Egroe and House RT

Egroe and House are two Charleston Based Graffiti Writers, I had the honor of conducting an interview with them a few months back, sorry about the delay in getting around to posting it, but i must warn you, i gave them full freedom to say whatever they please…But this is America People! So why not?! You know?

Enjoy.

Here’s the Setting..

Dim lit room. Case of Icehouse.  Empty PBR’s layin around. It’s fucking hot and someone’s feet smell…

Q: So you’ve seen graff interviews before, what do you rep, what do write?

House: House RT..

Egroe: Um, I’m the same thing..

“Can you hand me that febreeze, so I can spray my feet?”

Me: Yeah, sure.

Q: So RT, where did that come from?

Egroe: Originally, Random Thought, from eternal sunshine of the spotless mind and energy enhancing supplements, causing my brain to be very sporadic.

Q: What does it stand for now?

Both: Read This. Real Talk. Read That. Respawn Time. Rocket Taco. Raw Thrills. Risk Takers. ReTardoz. Rectal Thermometor. Rolling Thunder. Rusty Trumbone. And many more.

House: Really Trashed.

Q: What are some of your influences? Graffiti or non graffiti related.
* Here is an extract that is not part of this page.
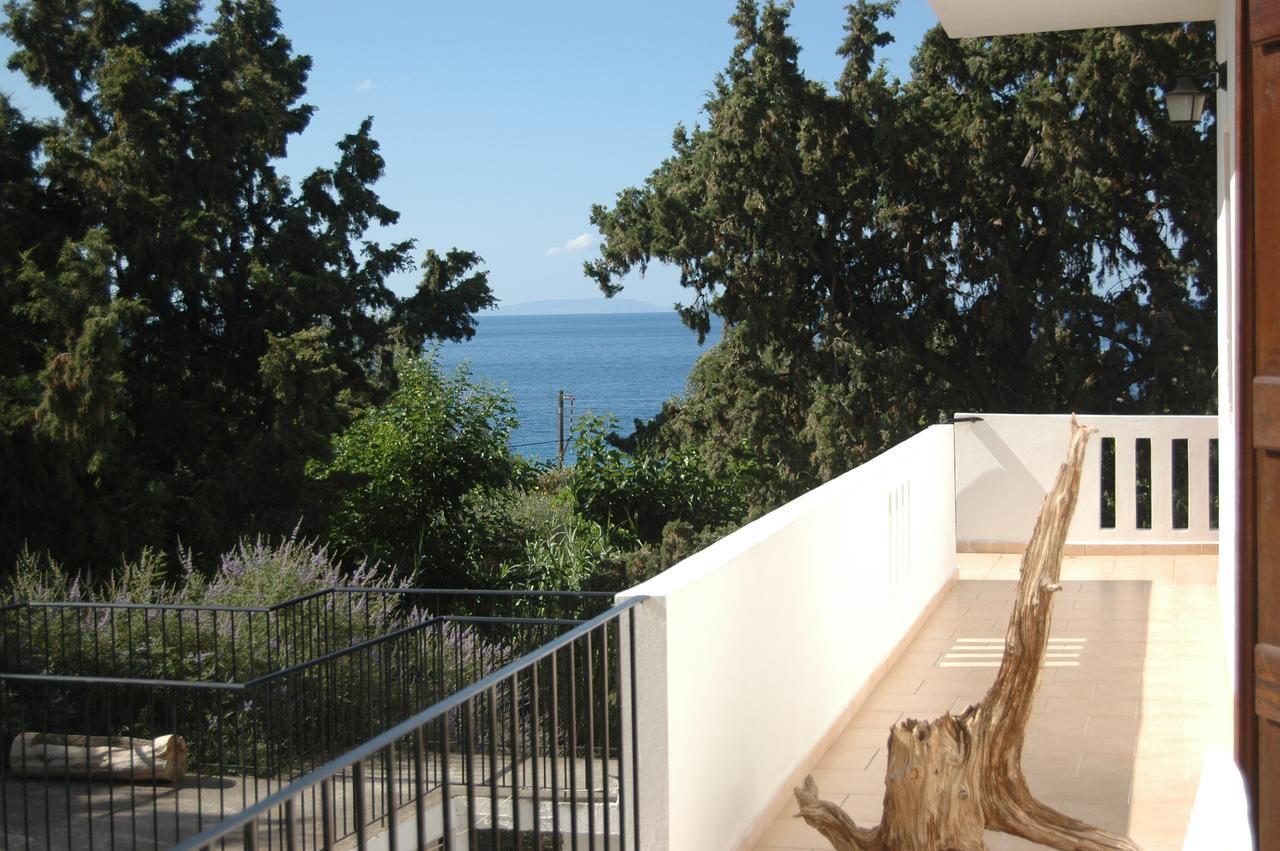 Pachnes Bed And Breakfast Agia Roumeli Exteriér fotografie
House: Egroe. Quiet. Klever. Avoid. Bars. The Entire AWR-MSK Crew. Kadism. Cailey. Hating Life. My Parents.

Egroe: Avoid. Theme. Klever. Quiet. Malishus. Totem2. Revok. Ewok (New York.) My beautiful Girlfriend. My Mom?

Q: Egroe, why do you write, what made you want to start writing?

Egroe: I hate answering this question..fine arts got boring, and I don’t remember why I even started doing it, I think it’s because of the breakdancing thing, I just got into it. Before it started getting trendy and cool..back in 2000, or 2001, somehwhere around there..

Q: Houseones, same question.

House: I started doing graffiti so I could get black chicks, haha, nah Egroe actually got me into doing it, I hated doing the same boring, monotonous thing all the time, I mean, I failed all my art classes, and I hated life, oh, and I smoked a lot of weed and did a lot of drugs.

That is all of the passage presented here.